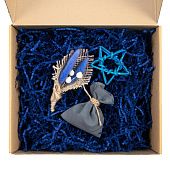 Коробка Grande, крафт с синим наполнением - фото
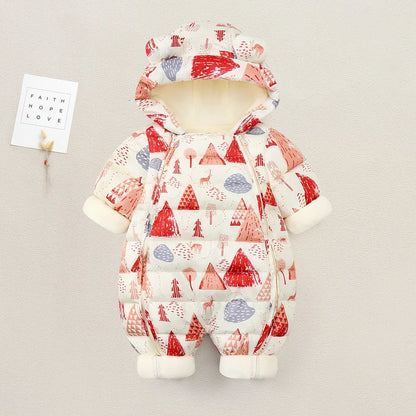 New born Baby Girl clothes Winter wear Snowsuit Plus Velvet Thick Baby Boy Jumpsuit Romper Overalls Toddler Coat infant overcoat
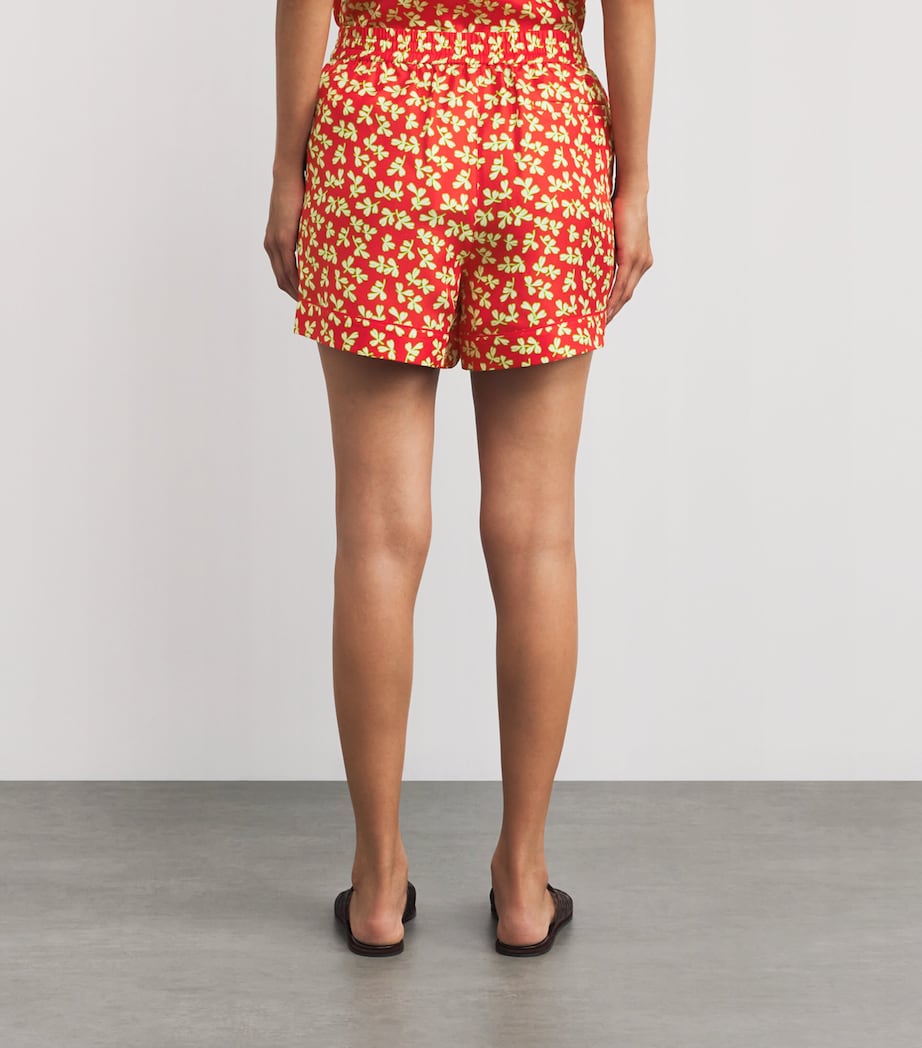 Silk Leaf Print Shorts RED LITTLE LEAVES Image 4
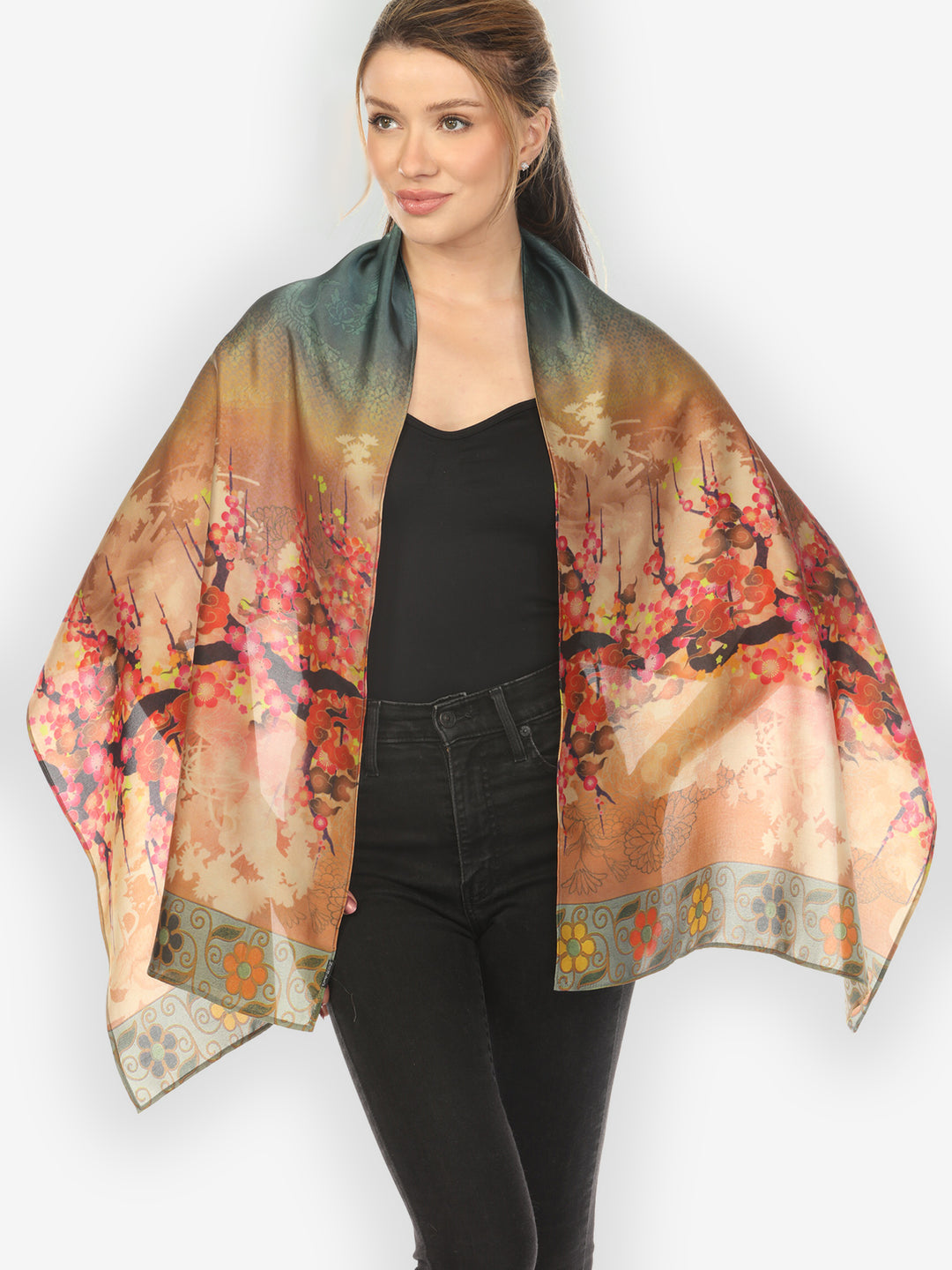 Ocean Ombre Blossom Silk Scarf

What is required →
Write out exactly the lines from the line that contains "Silk Leaf Print" to the last line of the material above, both included; pictures do not belong in the copy.

Written solution →
 Silk Leaf Print Shorts RED LITTLE LEAVES Image 4
 Ocean Ombre Blossom Silk Scarf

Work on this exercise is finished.